Virtual lawyering is all the rage, but what exactly does it mean? Merriam-Webster tells us that, in this context, “virtual” means “being on or simulated on a computer or computer network.” Lawyers such as Stephanie Kimbro and Richard Granat are good examples of lawyers “being on” a computer network. Both have pioneered, each in their own way, innovative and ethical uses of the Internet to deliver legal services.
Then there are the so-called virtual lawyers who seem to fall into the “simulated on” part of the definition. They use the Internet to obfuscate the nature of the services they deliver. They use obscure marketing and websites to simulate something that is not exactly what it seems, to market themselves through smoke and mirrors.
I’ve criticized this style of confusing marketing in the past, writing in one instance about a number of lawyer websites, all created by the same marketing firm, that created misleading impressions of a lawyer’s areas of practice and geographic location.
Now comes a disciplinary case out of Virginia involving so-called virtual law offices that presents many of these same issues. In the case brought by the Virginia State Bar, a three-judge panel addressed what it described as “a number of issues of first impression given the burgeoning use of the internet for advertising and marketing and to create ‘virtual’ law offices.”
Here is some of what the bar said the lawyer did to market his practice:
- Represented his firm as a practice of multiple lawyers in multiple cities throughout the United States, when in actuality his firm consisted of just him, “with his so-called associates being independent contractor attorneys paid on a commission basis.” His marketing described the practice as a “national law firm” with offices in Virginia, Maryland, Massachusetts and India.

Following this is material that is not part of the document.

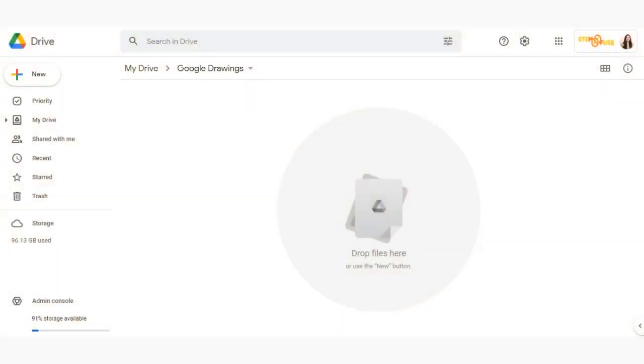In this tutorial we're going to take a look at how to use Google Drawings. To begin you're going to need to log into your Google account and go to Drive.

- Represented each of the attorneys in his firm as focusing primarily in one area of law, when in fact each of the attorneys handled several areas of practice. “Each attorney in our law firm primarily focuses his or her practice in only one area of law,” the website said. “Our … lawyers … don’t attempt to dabble in unrelated areas of law.”

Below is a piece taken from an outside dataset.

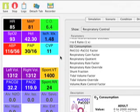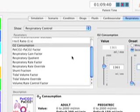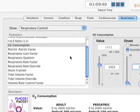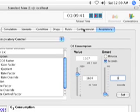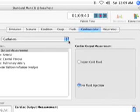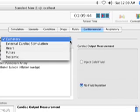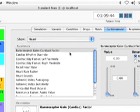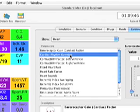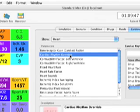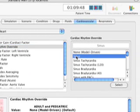As I mentioned, if his sat falls too much, he may go into cardiac arrest, and that may be desirable or undesirable in the scenario you have. So I'm going to click on the cardiovascular tab, and I'm going to go down to the heart drop-down, and in cardiac rhythm override, I'm going to choose sinus. So now that he's in sinus rhythm, no matter how low his sat goes, he will not go into cardiac arrest no matter what.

- Represented that his firm had at least six offices within Virginia, when in fact he had a single office, with the other five addresses being unstaffed spaces, some in executive office suites shared with other entities on as as-needed reservation basis.
The lawyer contested these charges but made concessions to address them. With respect to the lawyers who did work for him, he agreed to alter his agreements with them to make them employees of his firm. With regard to the descriptions of the attorneys’ practice areas, he agreed to amend the attorneys’ profiles to reflect that they handle multiple areas of law. With regard to the unstaffed offices, the lawyer agreed to revise his website to identify them as “client meeting locations.”
The three-judge panel concluded that that, through this marketing, the lawyer violated Rule 7.4 of the state’s Rules of Professional Conduct, “Communication of Fields of Practice and Certification.” But the panel also noted that the lawyer, since first being presented with the disciplinary charges, had “responded to the Bar’s concerns and sought guidance from the Bar.” The panel also noted “that the Respondent and others like him have rights to engage in commercial speech under the First Amendment.”
In light of these considerations, the panel accepted a disposition agreed on by the parties in which the lawyer would receive only a public reprimand.
That may be the right outcome, given the lawyer’s willingness to revise his misleading marketing. But I hope the bar’s leniency doesn’t lead other lawyers to jump on the bandwagon of obfuscation. “Virtual” should not mean presenting yourself as something other than what you are. Above all else, lawyers have a duty of honesty. Their marketing should conform to that.
[A hat tip to the always-fascinating Legal Profession Blog for reporting this case.]